### Raw data
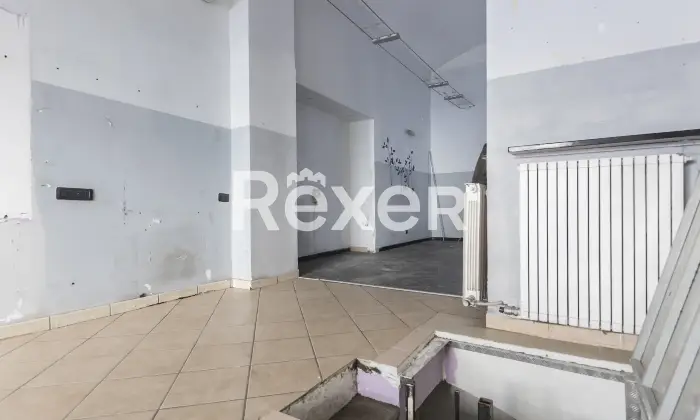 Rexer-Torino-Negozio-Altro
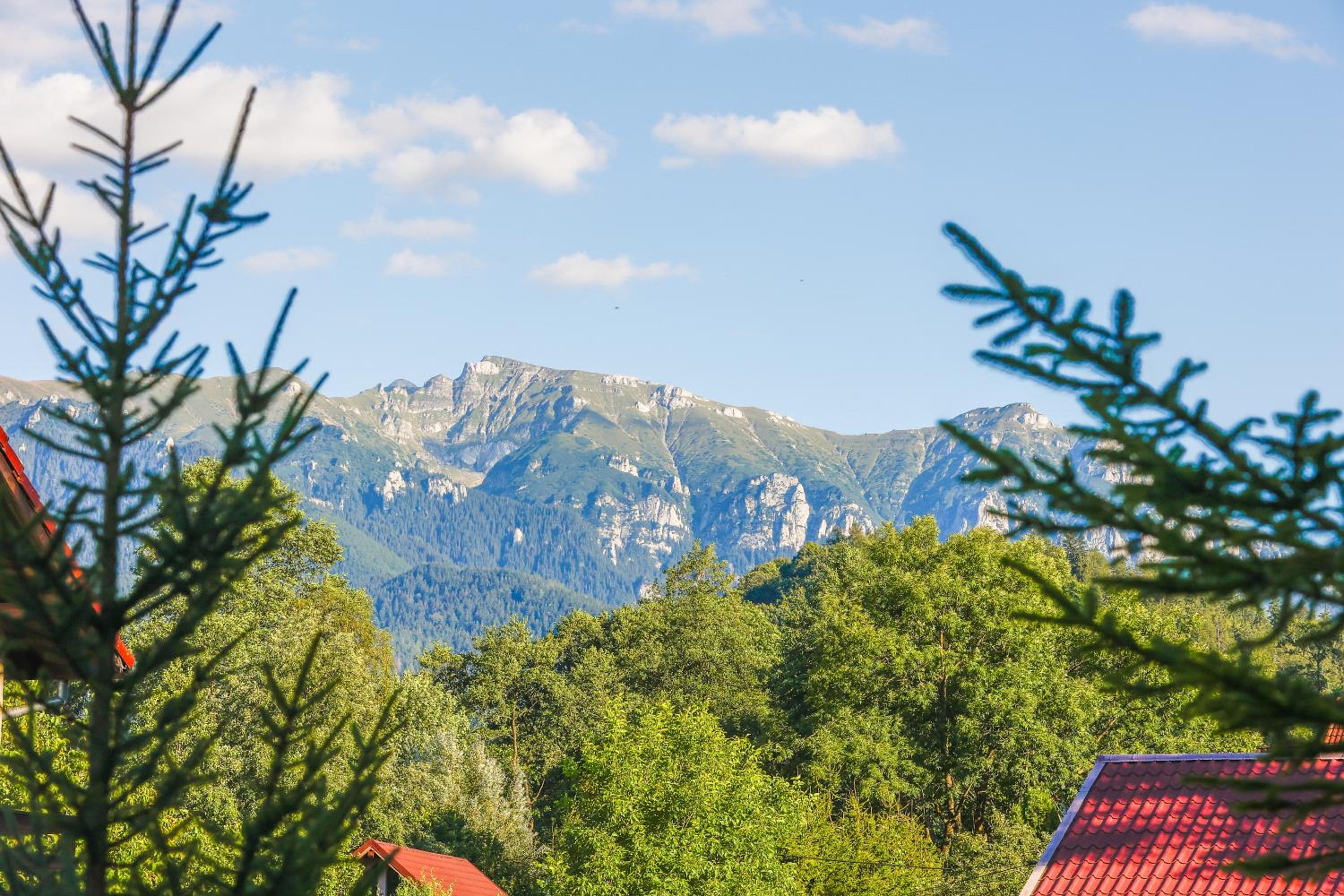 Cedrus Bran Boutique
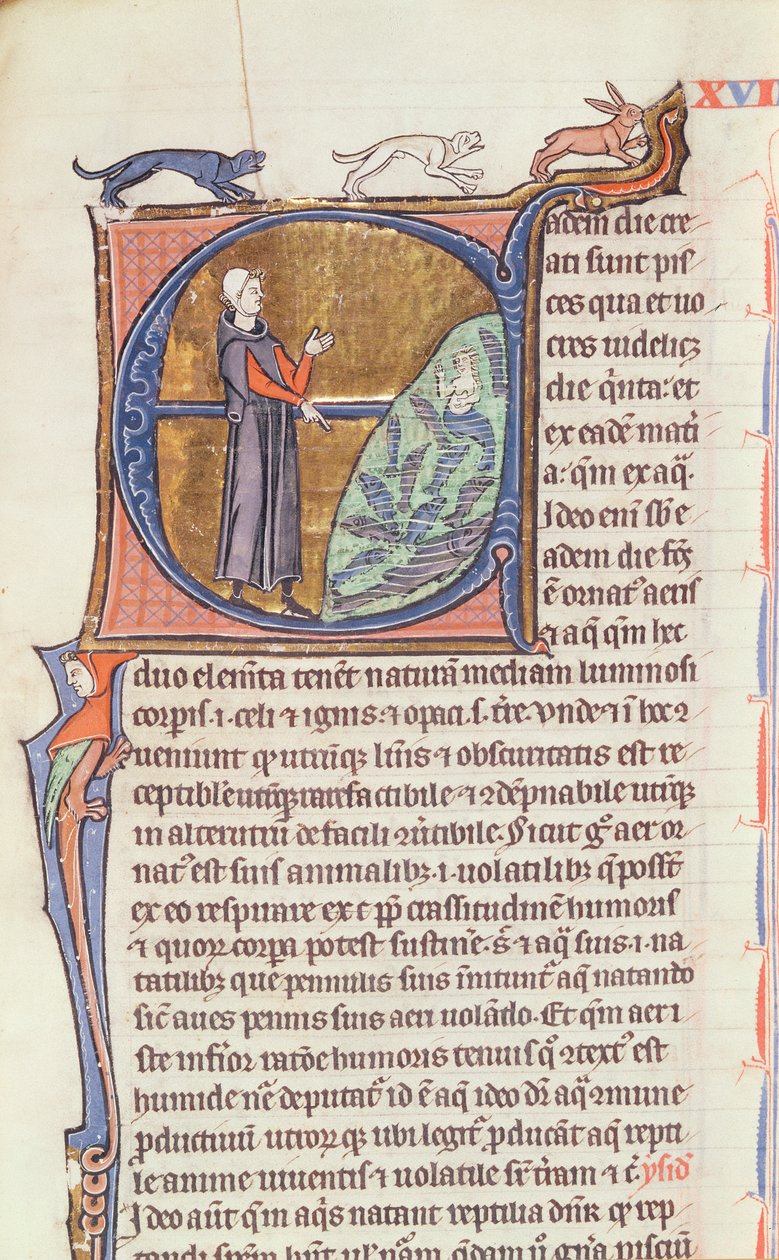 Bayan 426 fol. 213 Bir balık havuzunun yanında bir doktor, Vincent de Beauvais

* * *

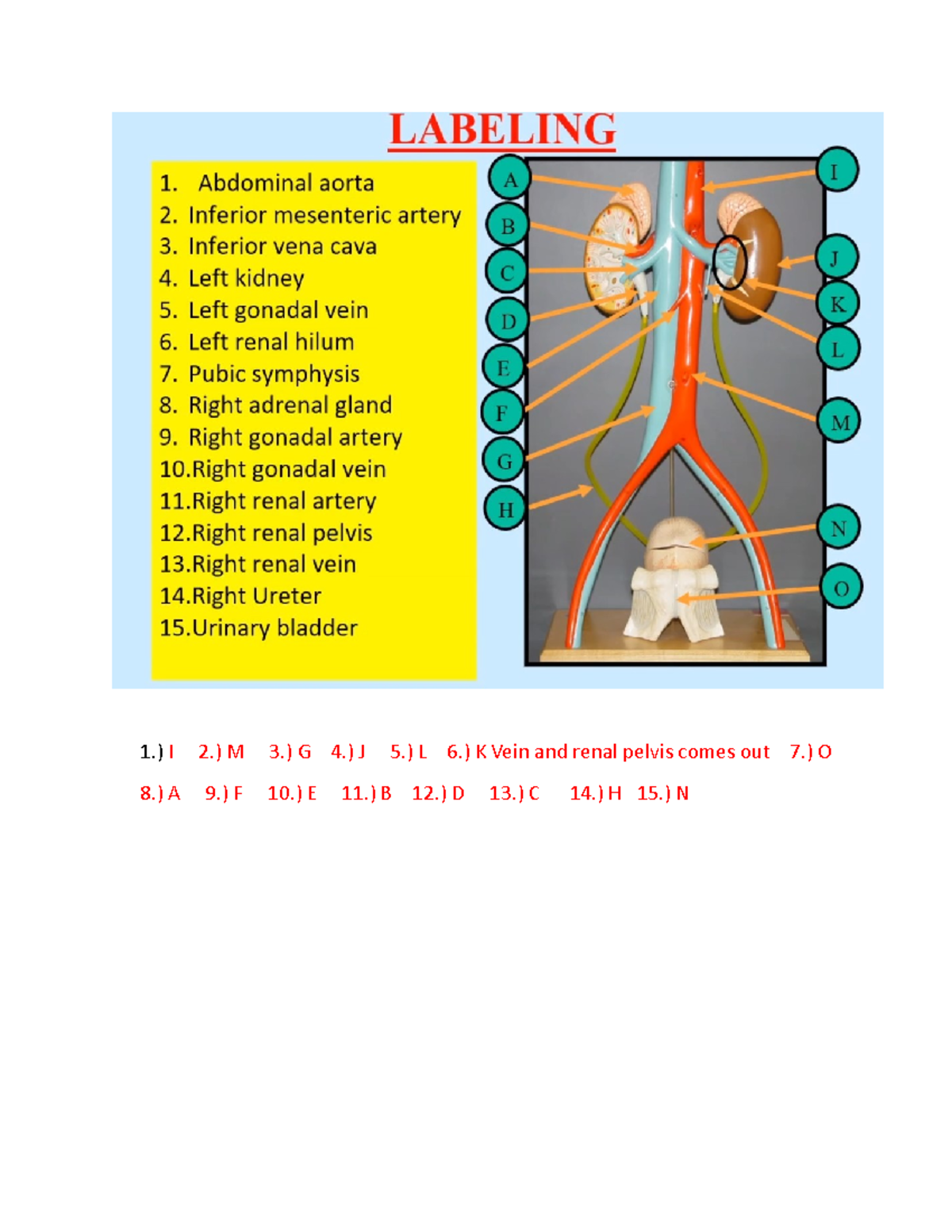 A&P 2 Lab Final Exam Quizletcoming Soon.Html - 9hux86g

* * *

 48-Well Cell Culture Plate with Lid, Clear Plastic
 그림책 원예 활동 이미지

### Exercise aim
In the records above, copy exactly everything from the line that has "Rexer-Torino-Negozio-Altro" down to the line that has "Bayan 426 fol.", both ends included, and leave out the pictures.

### Answer for the task
 Rexer-Torino-Negozio-Altro
 Cedrus Bran Boutique
 Bayan 426 fol. 213 Bir balık havuzunun yanında bir doktor, Vincent de Beauvais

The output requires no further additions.